### Problem:
Repeat, line for line, only the span that opens at the "M. Frunze – ソ連陸軍士官、赤軍創立者 ポストカード (正面/裏面)" line and closes at the final line below. Skip the pictures.

━━━ Dataset section

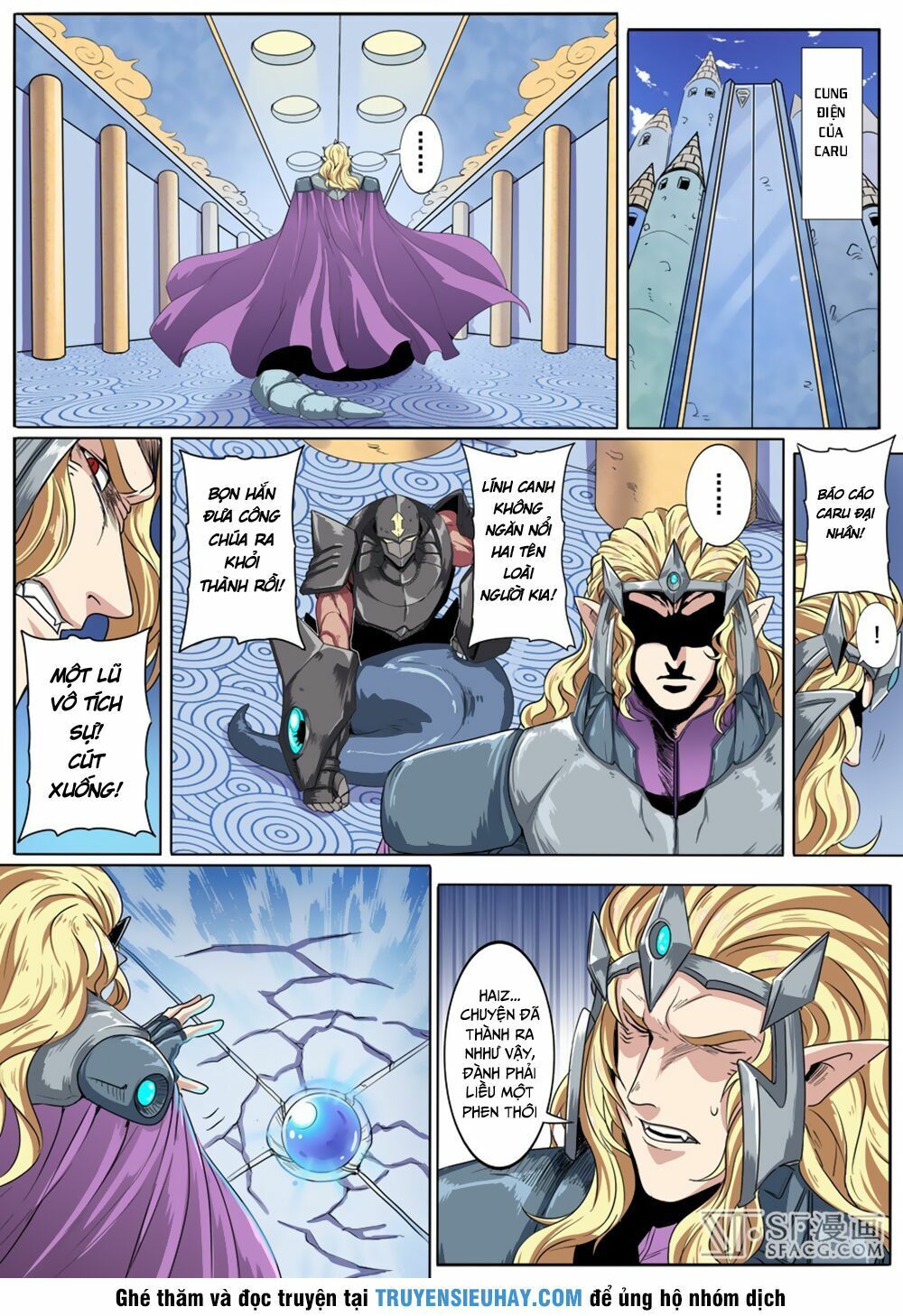 đọc truyện Anh Hùng ? Ta Không Làm Lâu Rồi Chương 70 ảnh 8 tại Thiên Thai Truyện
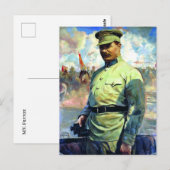 M. Frunze – ソ連陸軍士官、赤軍創立者 ポストカード (正面/裏面)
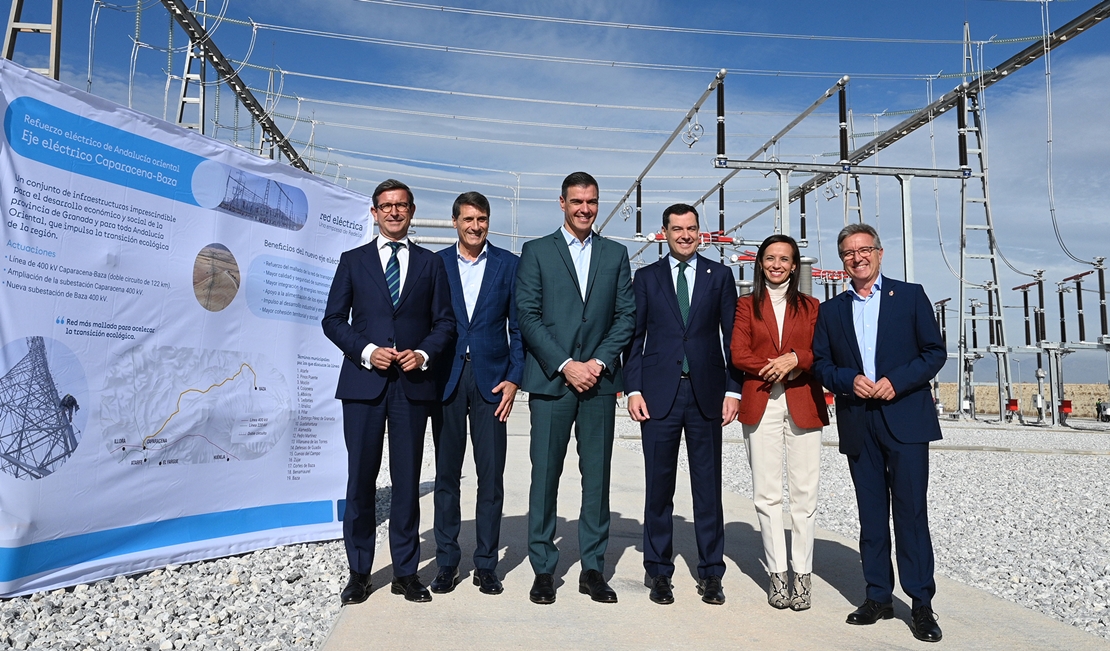 Sánchez: “Hay que convertir España en una potencia energética en renovables”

━━━━━━

### Answer to the exercise:
 M. Frunze – ソ連陸軍士官、赤軍創立者 ポストカード (正面/裏面)
 Sánchez: “Hay que convertir España en una potencia energética en renovables”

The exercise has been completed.